» **TASK ITEM**
An exact copy of the data below is needed; please leave out any pictures.

───── RECORDS PROVIDED ─────

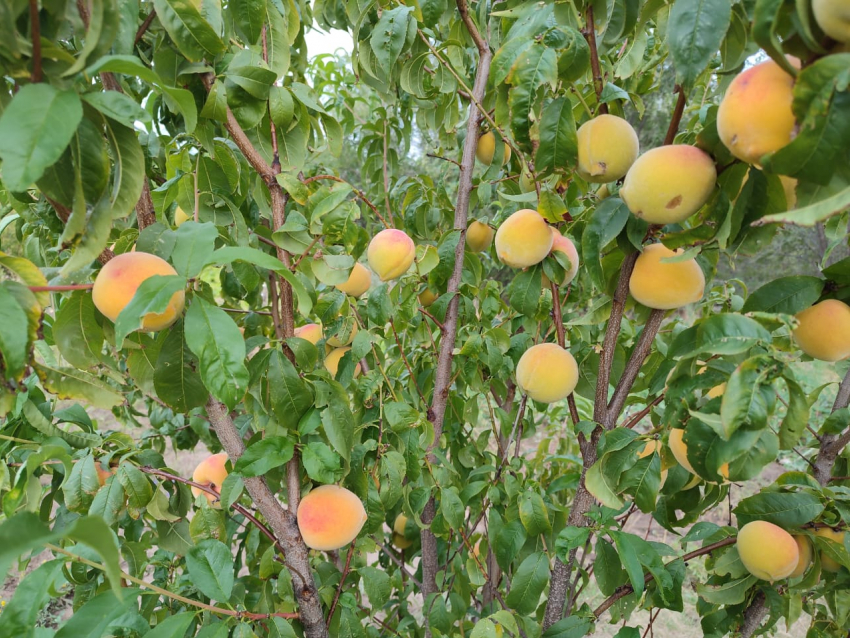 В Камышине местные персики подешевели до 150 рублей за килограмм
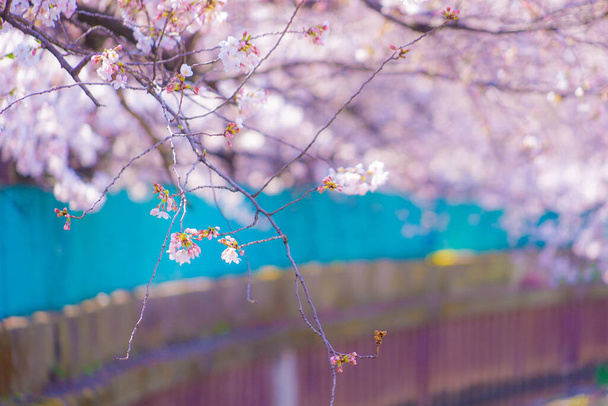 Des cerisiers fleurissent le long de l'ancien Sumiyoshi Shibukawa. Lieu de tournage : Ville de Kawasaki, Préfecture de Kanagawa - Photo, image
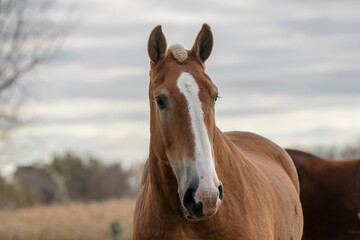 Poster - Beautiful heavy draft horse a large horse used for pulling heavy loads,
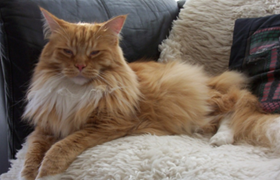 怎么訓(xùn)練西伯利亞貓不叫 做只安靜的西伯利亞貓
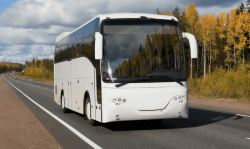 Автобусные перевозки из Белой Холуницы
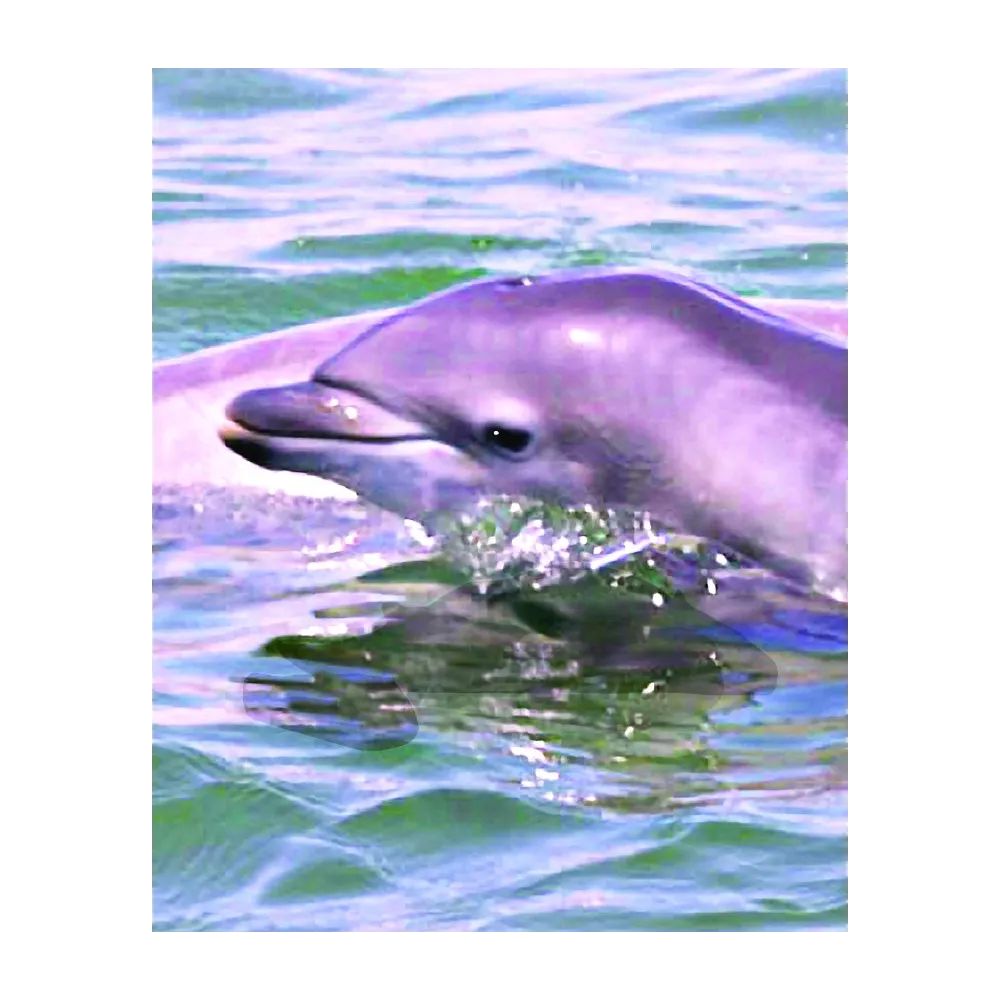 Formule composée animale Wild Earth - Dauphin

─────

» **RESPONSE TO THE TASK**
 В Камышине местные персики подешевели до 150 рублей за килограмм
 Des cerisiers fleurissent le long de l'ancien Sumiyoshi Shibukawa. Lieu de tournage : Ville de Kawasaki, Préfecture de Kanagawa - Photo, image
 Poster - Beautiful heavy draft horse a large horse used for pulling heavy loads,
 怎么訓(xùn)練西伯利亞貓不叫 做只安靜的西伯利亞貓
 Автобусные перевозки из Белой Холуницы
 Formule composée animale Wild Earth - Dauphin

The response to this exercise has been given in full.